# my foal de-ago



## lucky lodge (Jan 28, 2012)

this is de-ago he was born on the 5th of november 2011

which makes him nearly 3 months old..

my friend tells me he is not good enough for the show ring

heres a photo of him...please tell me what you think....

this photo was taken today


----------



## lucky lodge (Jan 28, 2012)

another photo of de-ago taken today


----------



## lucky lodge (Jan 28, 2012)

crap i put this in the wrong forum sorry



:wacko



:wacko


----------



## a mini dream come true (Jan 28, 2012)

Don't be Sorry! we love seeing De-ago. Why do they say he's not good enough? I say show him and see how he does


----------



## lucky lodge (Jan 28, 2012)

oh ... he,s to straight in his hind legs and will never move nice

also what you see when there a foal is what you get when there older...

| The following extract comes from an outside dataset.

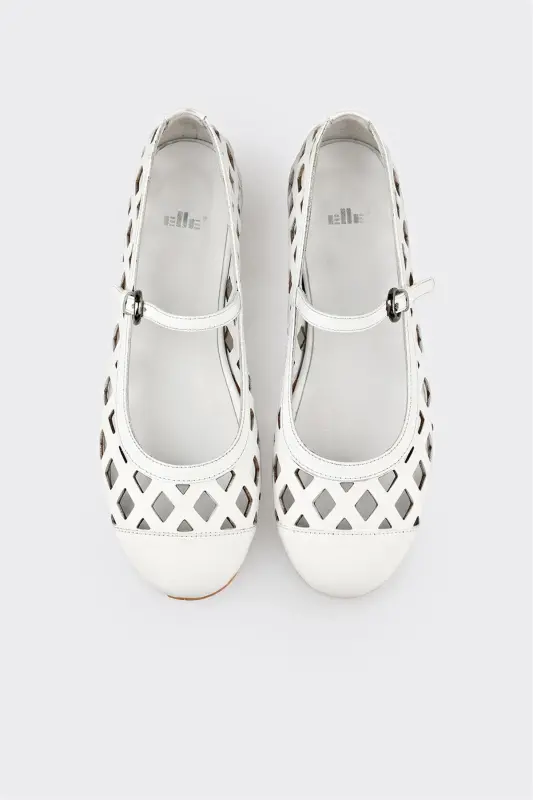 White Leather Women's Casual Shoes - 4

but ive seen de-ago move and he does move nice .i told her that and she said dont beleive you he will never

move nice


----------



## lucky lodge (Jan 28, 2012)

thanks.. i think he,s beatiful any which way he goes .and i hope he kicks butt in the show ring and proves her wrong...

but it did upset me a bit


----------



## Eagle (Jan 28, 2012)

oh Jenny don't listen to that stupid person, other than being incorrect she is also very rude





I agree with Diane, at this stage it is very difficult to judge him. A lot depends on character as well as conformation, boys are a bit "slow" as babies but as soon as those hormones kick in they love to show themselves off, it will also depend on what the judge is looking for and what competition you are up against. As Diane says as long as he doesn't have any obvious conformation faults give it a go and enjoy yourself.


----------



## lucky lodge (Jan 28, 2012)

thanks,,, de-ago has no comformation defect hes perfect........


----------



## AnnaC (Jan 29, 2012)

I'm glad you posted this here Jenny - WE are your friends, so get rid of that rude and ignorant person!

Most foals, without any of the obvious 'problems' mentioned by Diane, can be shown and will do well in the ring. There is nothing wrong with De-ago, he's a good looking little fella, so go ahead and have some fun!


----------



## lucky lodge (Jan 29, 2012)

thank you ladys,



you all do know how to make me feel better


----------